AVAILABLE RECORDS:
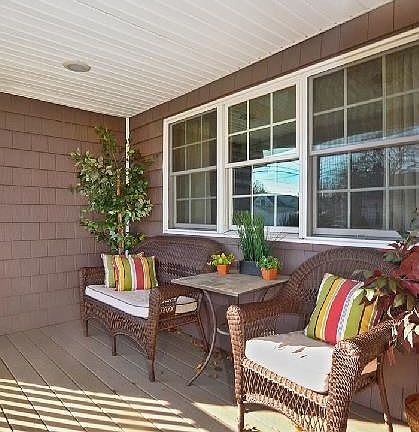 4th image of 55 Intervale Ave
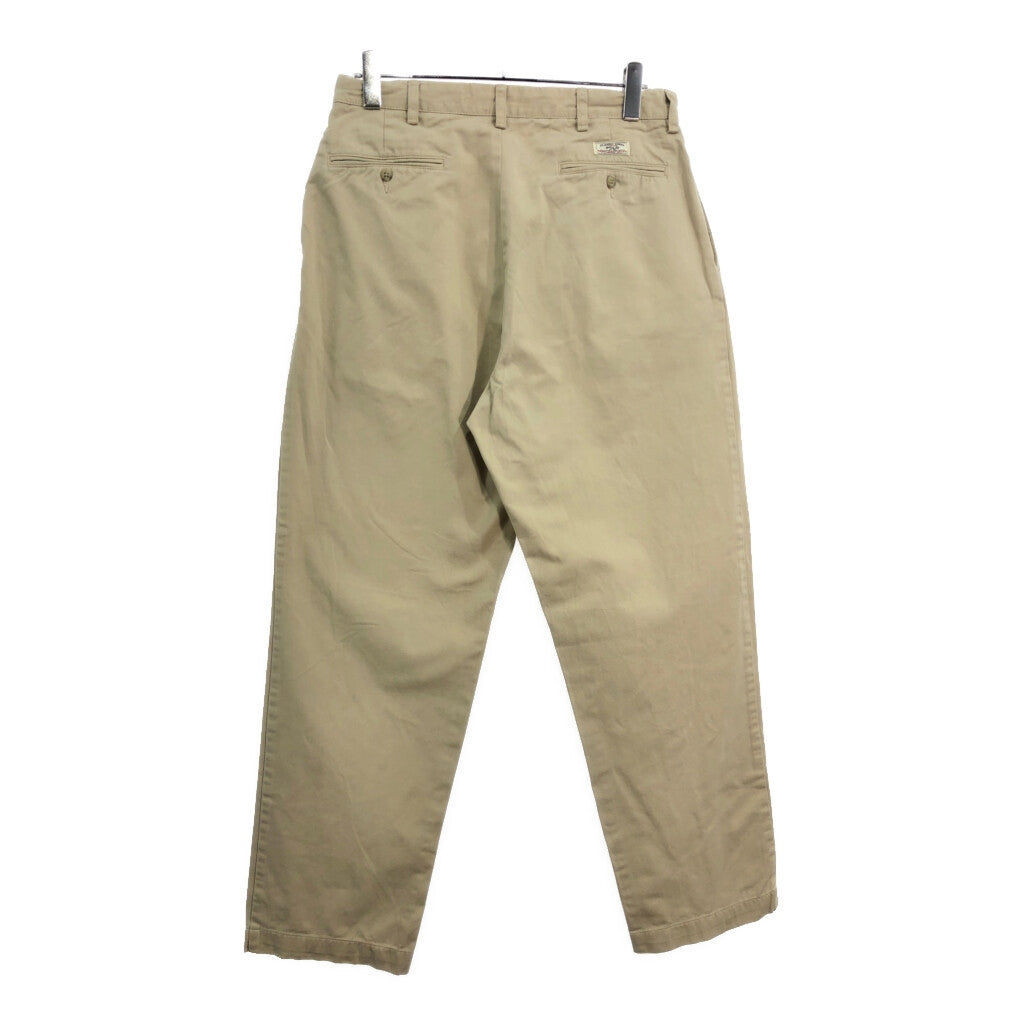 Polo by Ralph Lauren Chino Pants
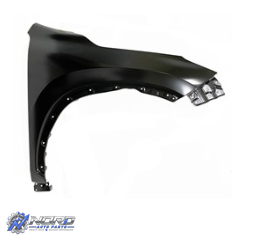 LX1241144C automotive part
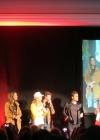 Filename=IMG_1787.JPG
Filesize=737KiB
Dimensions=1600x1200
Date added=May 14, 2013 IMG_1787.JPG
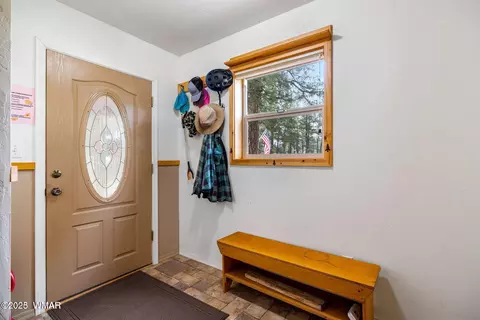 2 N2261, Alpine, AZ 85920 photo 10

TASK: Pictures are to be left out when the entries above are repeated exactly.

ANSWER TO THIS PROBLEM:
 4th image of 55 Intervale Ave
 Polo by Ralph Lauren Chino Pants
 LX1241144C automotive part
 Filename=IMG_1787.JPG
Filesize=737KiB
Dimensions=1600x1200
Date added=May 14, 2013 IMG_1787.JPG
 2 N2261, Alpine, AZ 85920 photo 10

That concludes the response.